Stored data
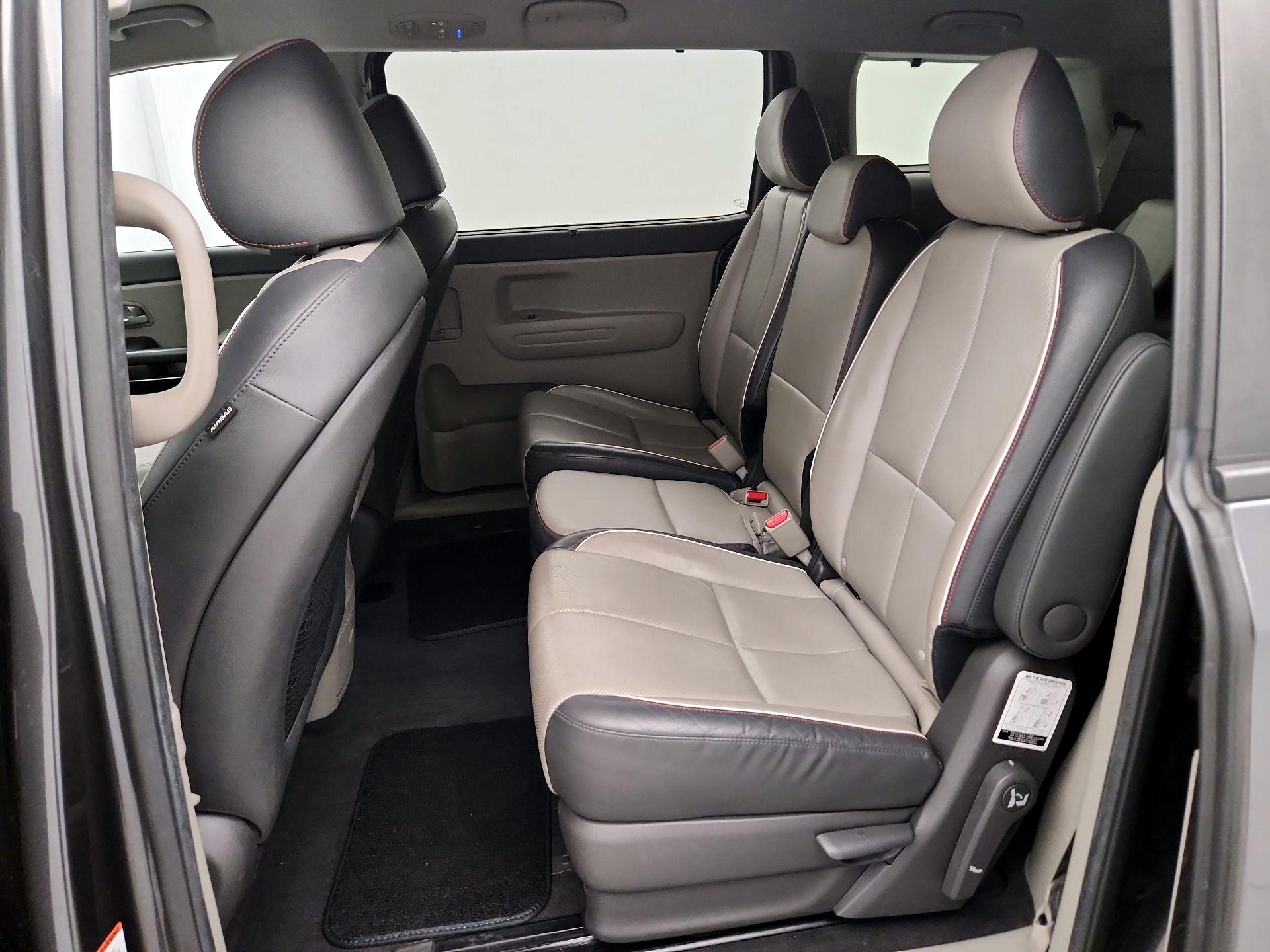 Thumbnail: 2017 Kia Sedona - 19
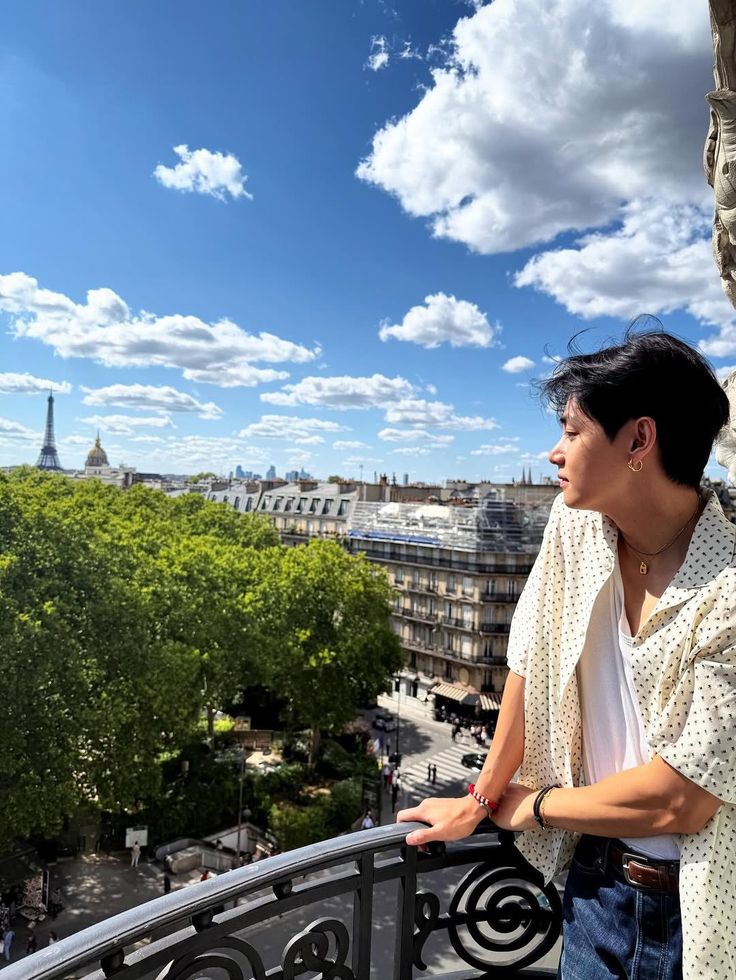 2017 de youtubedan dna yi açmıştım ve kalın sesli keskin bakışlı gri saçlı cocuk dikkatimi cekmisti saclari ellerinde ki yüzükleri giyimi o zamanlar taktiği bandanalar o zamandan beri army im nerdeyse 9 sene olmus 😭 

WE LOVE YOU KIM TAEHYUNG
#WELOVEYOUKIMTAEHYUNG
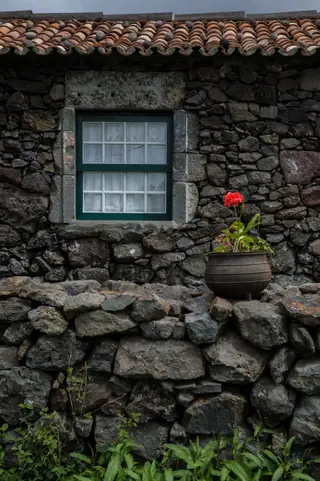 Abandonada nos anos sessenta, a Aldeia da Cuada, na ilha açoreana das Flores, foi recuperada sabiamente, mantendo a traça rural das casas de pedra e adaptando-as às atuais necessidades, diz a associação ZERO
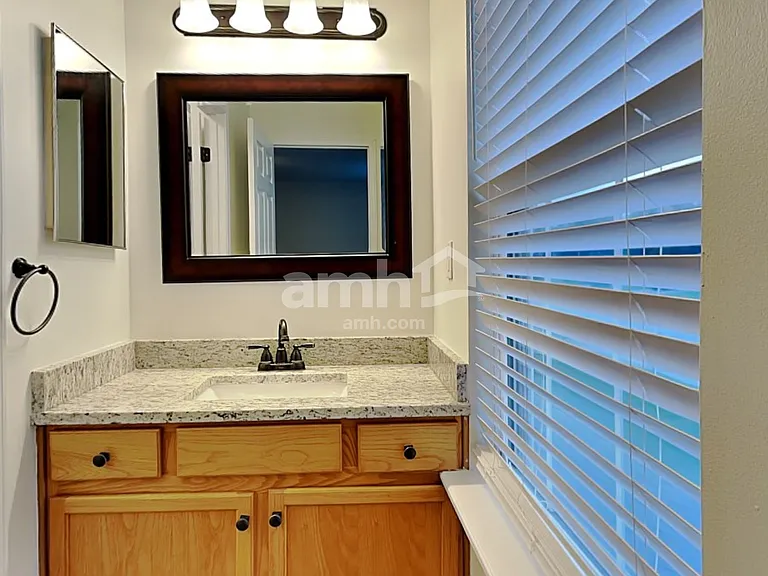 1215 Brookstone Dr — Photo 10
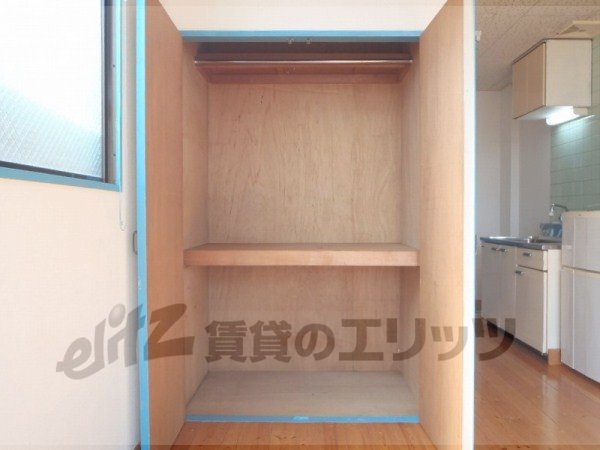 Receipt. There is storage capacity is in the compartment with depth.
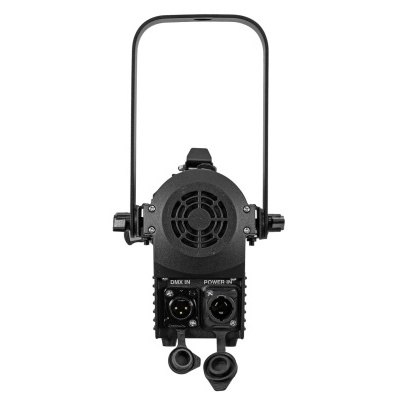 Equipamento de luz profissional preto com ventilador traseiro e entradas XLR em fundo branco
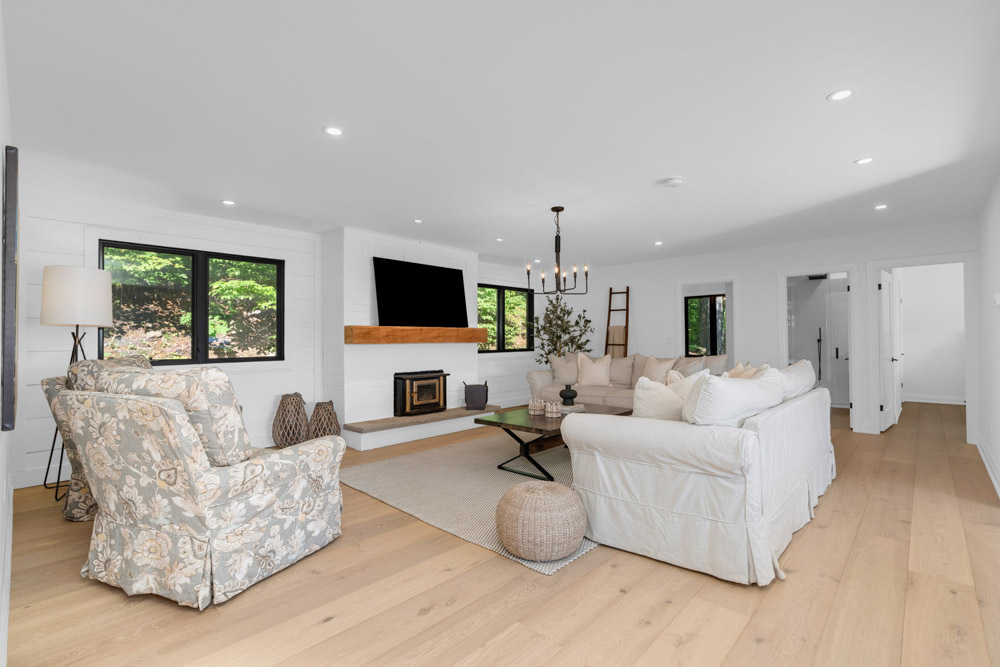 Open property gallery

• WHAT TO WORK ON
Take the lines above from the top of the records through the one with "2017 de youtubedan" and repeat them exactly, without any pictures.

• FINAL ANSWER
 Thumbnail: 2017 Kia Sedona - 19
 2017 de youtubedan dna yi açmıştım ve kalın sesli keskin bakışlı gri saçlı cocuk dikkatimi cekmisti saclari ellerinde ki yüzükleri giyimi o zamanlar taktiği bandanalar o zamandan beri army im nerdeyse 9 sene olmus 😭 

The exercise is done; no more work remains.